That’s the mgf of the gamma \((r+s, \lambda)\) distribution. Because the mgf identifies the distribution, \(X+Y\) must have the gamma \((r+s, \lambda)\) distribution.

This is what we observed in an earlier section by simulation, using numerical values of \(r\) and \(\lambda\).

Quick Check

The random variable \(T\) has mgf \(M_T(t) = \frac{8}{(2-t)^3}\), \(t < 2\). What is the distribution of \(T\)?

Answer

gamma \((3, 2)\)

19.2.7. Note on Existence#

Let \(X\) be a random variable. For all \(t\), the random variable \(e^{tX}\) is positive, so \(M_X(t)\) is either positive or \(+\infty\).

The rough statements below should give you a sense of the connection between the tails of the distribution of \(X\) and the existence of the mgf. We will not cover the proofs.

If \(t > 0\) then \(e^{tX}\) is large for large positive values of \(X\). So if \(M_X(t)\) is finite for a positive \(t\), then the right hand tail of the distribution of \(X\) can’t be heavy.

If \(t < 0\) then \(e^{tX}\) is large for large negative values of \(X\). So if \(M_X(t)\) is finite for a negative \(t\), then the left hand tail of the distribution of \(X\) can’t be heavy.

So if \(M_X(t)\) is finite for a positive value of \(t\) as well as for a negative value of \(t\), then both of the tails aren’t heavy.

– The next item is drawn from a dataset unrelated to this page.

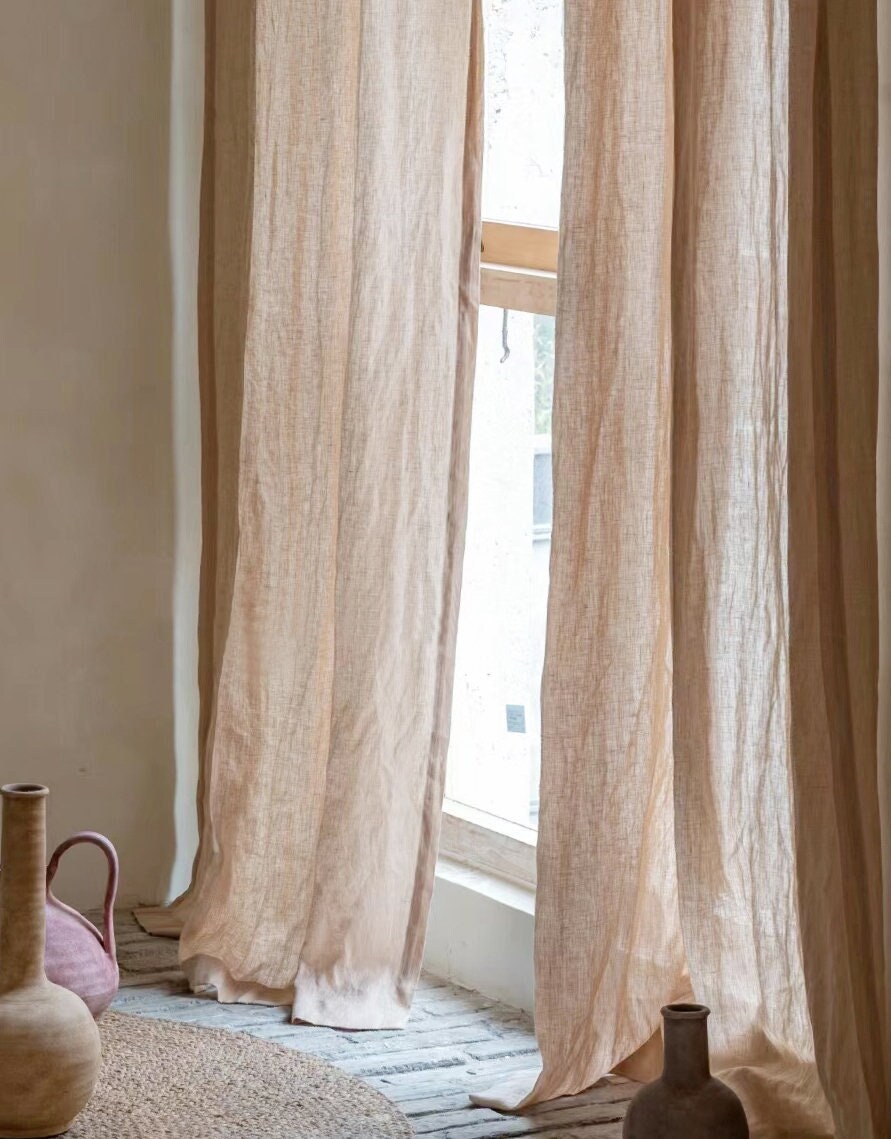 40 colors ,A Pair of  Dusty pink 100% linen curtains , Living Room curtains, Bedroom curtains, Custom made wide linen panels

It can be shown that if \(M_X(t)\) is finite for some \(t\), then \(M_X(s)\) is finite for all \(s\) between 0 and \(t\). So \(M_X(t)\) being finite for a positive \(t\) as well as for a negative \(t\) is equivalent to \(M_X\) being finite on an interval around 0. The interval might be very small, but as long as it straddles 0 all the properties listed in this section hold.